The use of light as a tool in manufacturing has been around for quite a long time. Lasers are typically used now for cutting, welding, marking and laser metal deposition processes. There are a variety of laser sources and the one chosen is, of course, based on the application.

Significant challenges to this technology exist in bringing the beam to the workpiece and increasing the productivity of the laser systems. One key requirement for success is the near-to-perpendicular position of the beam to the surface to be machined. This development and the availability of high speed, high precision laser systems has helped improve productivity and, along with their increasing affordability, expanded laser system usage to the point of replacing conventional processing methods. Anyone who has seen a flat sheet cutter “flying” over the workpiece knows exactly what I am referring to.

DRIVING VERSUS FLYING
The evolution of laser systems is somewhat comparable to the advancements made in cars. First they were crude, slow and absent of user-friendly options. Over time they improved and became more refined. Today’s automobiles are high-tech pieces of machinery. Driving, however, is still confined to ground contact . . . it’s almost two-dimensional.

Now imagine yourself flying instead of driving. Think about the possibilities and the performance that you could experience. It’s an exciting thought, and the comparison is analogous to stepping from 2D to 3D laser processing.

3D LASER PROCESSING DEFINED
While the idea of 3D laser processing is not new, the process requirements – such as part tolerances and final quality – were often not achievable. But thanks to advancements in precision mechanics and controls, the technology matured to the point where 3D laser applications have become precise and economical enough to be a viable solution.

This technology is based on the ability to machine a three-dimensionally shaped part through a multi-axis system that uses the combination of 5 or more axes. The step from 2D flat sheet cutting to 3D laser processing requires the addition of 3 axes, not just one, which increases the complexity of the system. However, advanced controls and software make the process user-friendly and enable a 3D laser system to be quickly adapted for various applications and geometries. Any design changes can be addressed by reprogramming the parameters of the laser and NC path, which is both fast and flexible.

Examples of such systems include gantry-style configurations and 5-axis robots. Beam delivery is accomplished via bending mirrors in the case of a CO2 laser. For a solid state laser, the beam is delivered by fiber optic cable. Both methods are fully capable of cutting within their specifications and are commonly used in manufacturing.

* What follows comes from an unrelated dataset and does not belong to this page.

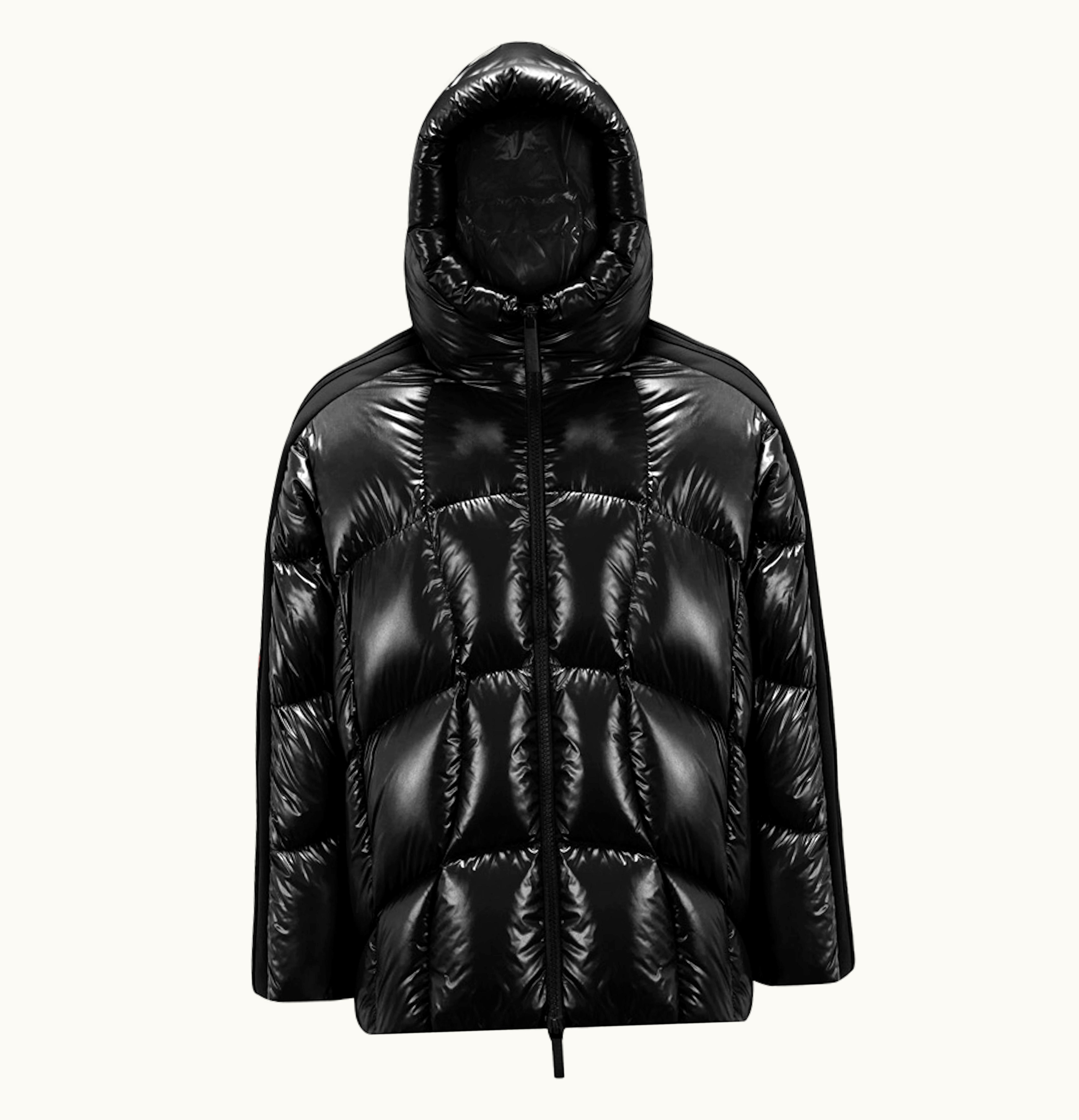 Moncler Moncler X Adidas Originals Beiser Short Down Jacket Black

ABILITIES, CHALLENGES AND LIMITATIONS
Modern 3D laser systems are able to process highly complex three-dimensional geometries, from flat surfaces angled in space to freeform surfaces with numerous directional surface changes – all cut at high speeds with high precision. Examples of parts processed using a 3D laser are plentiful and range from a simple bracket to a complex automotive sheet metal component.

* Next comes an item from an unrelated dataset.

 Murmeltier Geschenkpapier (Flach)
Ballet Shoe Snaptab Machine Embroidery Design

One source of the increased abilities of the modern high end 5-axis system is the dynamic cutting head, which offers an additional stroke along the axis of the nozzle with very high accelerations. It combines with distance sensing technology that allows the system to run over small features, such as wrinkles from drawing a sheet metal part, without the need for additional programming. Here the main axes follow the programmed NC path while the dynamic cutting head adjusts for the small part variations that are typical in numerous applications. These changes previously required a significant reduction of speed, but now their impact on cycle time is greatly reduced. Advanced laser controls enable systems to adjust the laser power and cutting speed on-the-fly according to the geometry.

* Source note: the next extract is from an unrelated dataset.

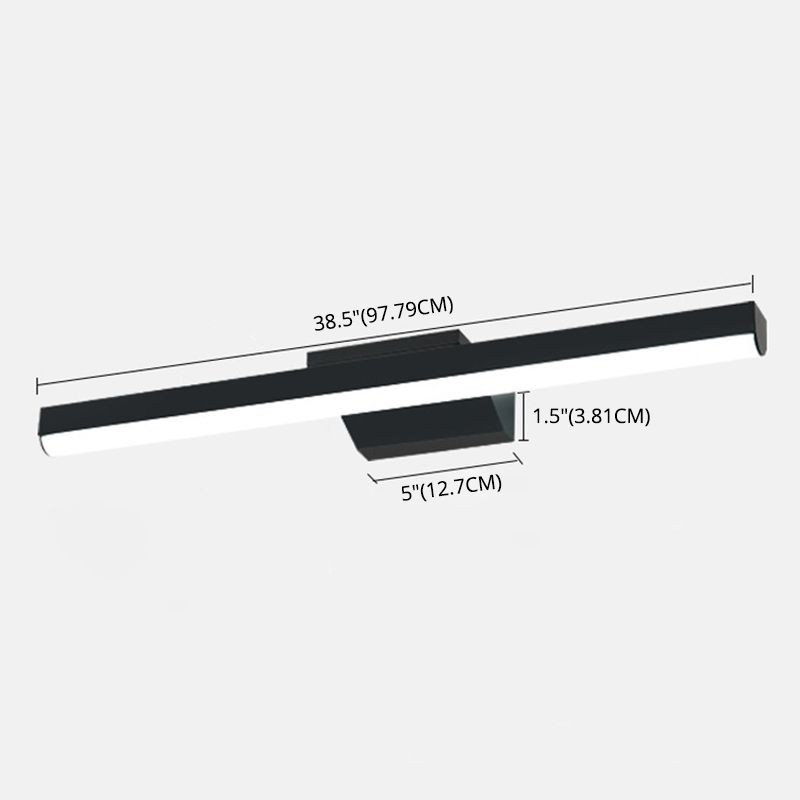 Modern Minimalist Style Linear Wall Mounted Vanity Lights Acrylic 1 Light Vanity Wall Light Fixtures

3D processing speeds are slower than a flat sheet cutter because all 5 axes – not just two axes – are moving simultaneously. The addition of three more axes raises the combined moments of inertia, thus reducing accelerations /decelerations compared to a 2D system. Cutting gas flow on 3D surfaces also affects the processing speeds when compared to 2D applications  Axis speeds of high end systems are now approaching 4000 ipm, however, which is typically much quicker than the actual processing speeds but used to reduce the time for repositioning of the cutting head (See Figure 1)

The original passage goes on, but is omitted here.